Ce fut le premier président de la République à reconnaître la responsabilité de la France dans la déportation des juifs sous le régime de Vichy, pendant la Seconde Guerre mondiale. C'était en 1995, et Serge Klarsfeld se souvient encore des mots que Jacques Chirac a prononcés ce 16 juillet 1995 : "La France, patrie des Lumières et des droits de l’Homme, terre d’accueil et d’asile, la France, ce jour-là, accomplissait l’irréparable. Manquant à sa parole, elle livrait ses protégés à leurs bourreaux."

Une histoire personnelle décisive ?

Au micro d'Europe 1, dimanche, le président des Fils et des Filles de déportés juifs de France insiste sur le fait que ce qui se joue alors, 50 ans après la fin de la guerre, "ce n'est pas seulement la condamnation de l'État français, c'est la reconnaissance de la responsabilité de la France" dans la déportation des juifs de France. Selon Serge Klarsfeld, c'est une véritable "rupture" avec François Mitterrand et Charles de Gaulle qui, eux, avaient reconnu la responsabilité de l'État français de Philippe Pétain.

"Il a prononcé ces mots pour faire en sorte que la France regarde son passé en face", insiste l'avocat, convaincu que l'histoire personnelle de Jacques Chirac a eu une influence sur sa vision de cette période de l'Histoire de France : "Il était le premier président à ne pas avoir été jeune homme pendant la guerre. Enfant, il a eu la vision de deux France qui se combattaient et heureusement, c'est la bonne France qui a triomphé."

Chirac, "français jusqu'au bout des ongles"

Au-delà de la reconnaissance de la responsabilité de la France dans la déportation, fait marquant de son bilan présidentiel sur l'histoire mémorielle, Jacques Chirac connaissait Serge Klarsfeld "depuis les années 1970". "Il avait suivi nos campagnes, avec Beate [l'épouse de Serge Klarsfelfd] pour faire condamner les criminels nazis", relate l'auteur de La Shoah en France. "Comme maire de Paris, il venait très simplement dans la foule, avec la kippa, boulevard de Grenelle. Il a aussi prononcé un discours, le 18 juillet 1986, qui préfigure le discours de 1995."

" Les Français se reconnaissent en lui, ils sentent qu'ils ont perdu quelqu'un de leur famille "
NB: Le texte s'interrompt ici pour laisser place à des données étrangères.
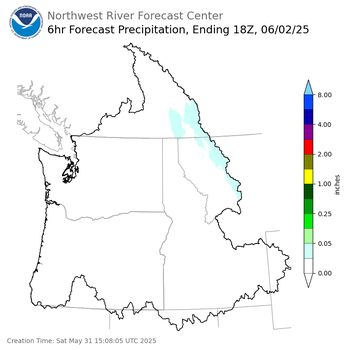 Day 3 (Monday): 6 Hourly Precipitation Forecast  ending Monday, June 2 at 11 am PDT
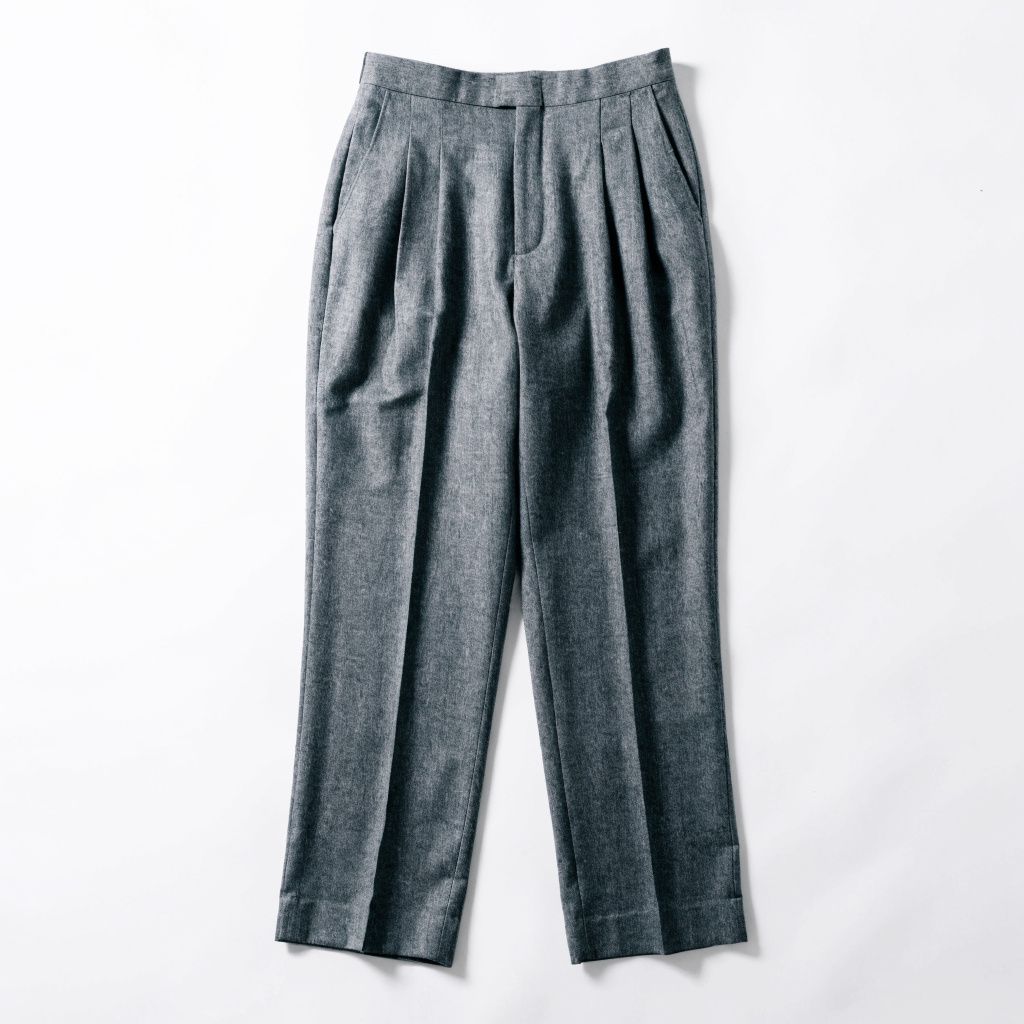 Pleated grey wool trousers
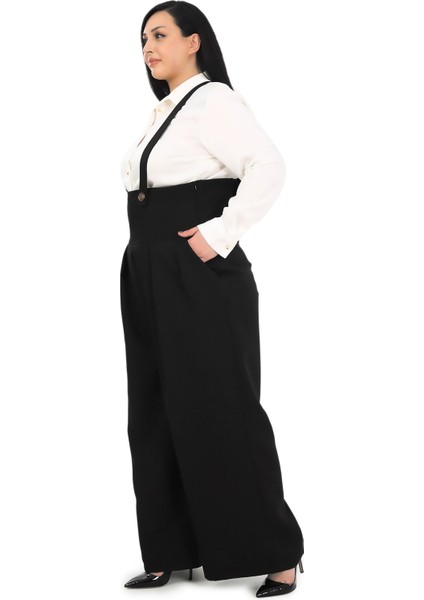 Büyük Beden Önü Pileli Cepli Askılı Düğme Detaylı Bol Paça Siyah Pantolon fiyatları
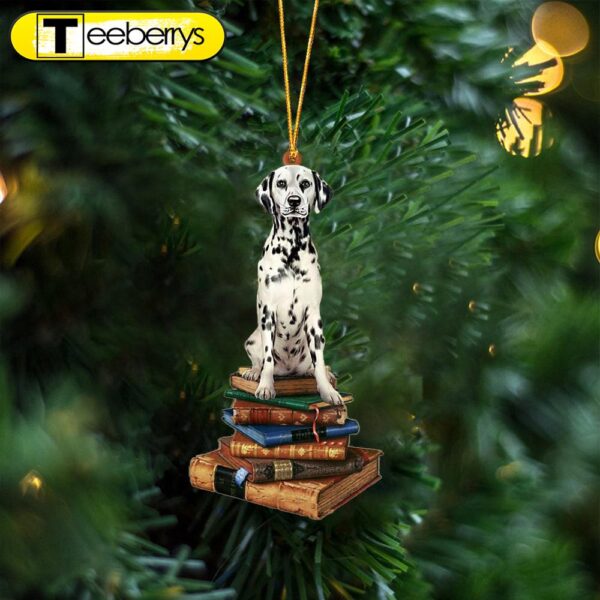 Dalmatian Sit On The Book Two Sides Christmas Plastic Hanging Ornament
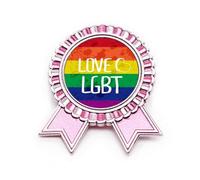 Amor LGBT Arco Iris Tinta Corazón Insignia Broche Pin Rosa Ganador Medalla de Premio, Medio, Metal, Medium, Metal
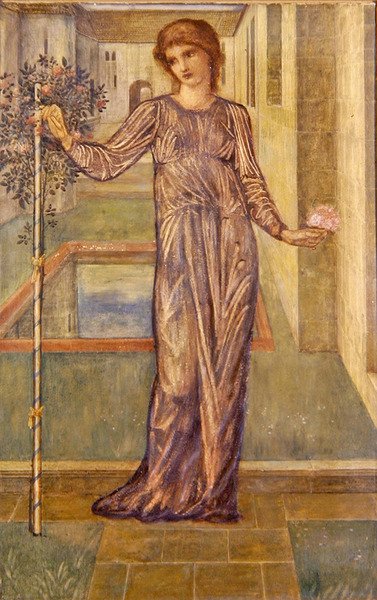 The Garland (gouache på papper) av Edward Coley Burne Jones
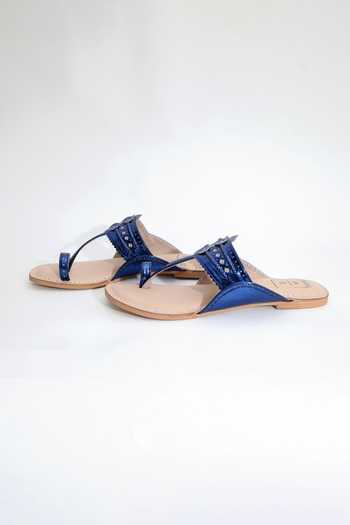 Sandalwali Blue Roxanne Glitzy Vegan Kolhapuri Sandals Online at Aza Fashions Sandalwali_Blue Roxanne Glitzy Vegan Kolhapuri Sandals _Online_at_Aza_Fashions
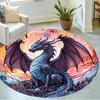 1pc fantasy dragon design rug home carpet non slip office decor gift living room bedroom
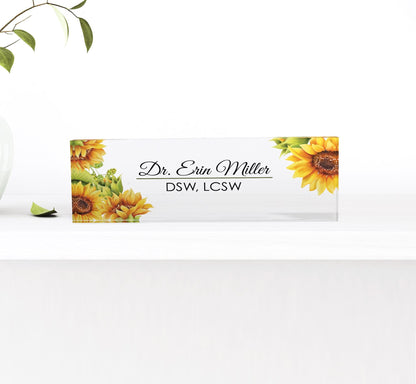 Personalized Name Plate for Desk, Sunflowers Design On Clear Acrylic Glass, Custom Office Decor Nameplate Sign, Personalized Gift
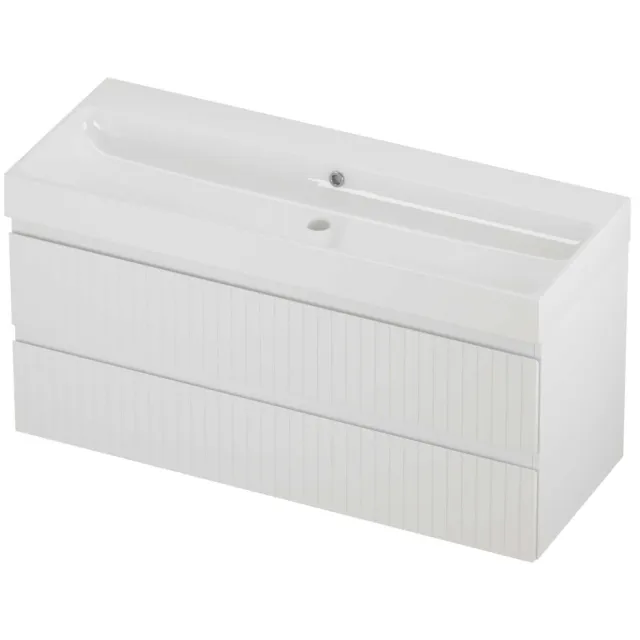 Proline Podium Badmeubelset Polystone Loft Enkel 120x46x62 cm Glans Wit Mat Wit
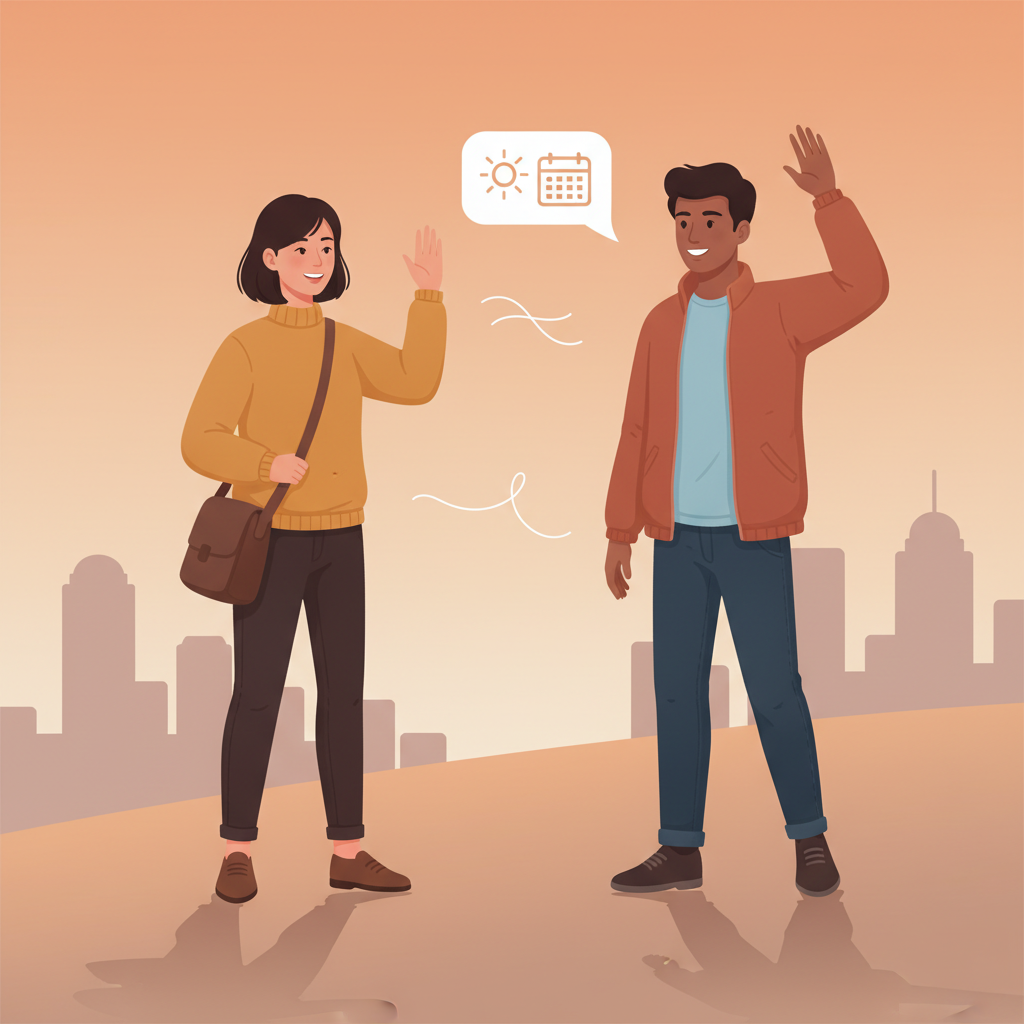 Wortschatzillustration zu 明天见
C'est donc naturellement que Serge Klarsfeld considère que Jacques Chirac "mérite" aujourd'hui l'hommage populaire qui lui est rendu, avec la présentation de son cercueil aux Invalides, dimanche. "Il était français jusqu'au bout des ongles et les Français se reconnaissent en lui, ils sentent qu'ils ont perdu quelqu'un de leur famille", témoigne l'avocat. "Il a été courageux pour le Vel d'Hiv, l'Irak, et d'avoir toujours repoussé cette alliance avec le FN. Il a été un grand président."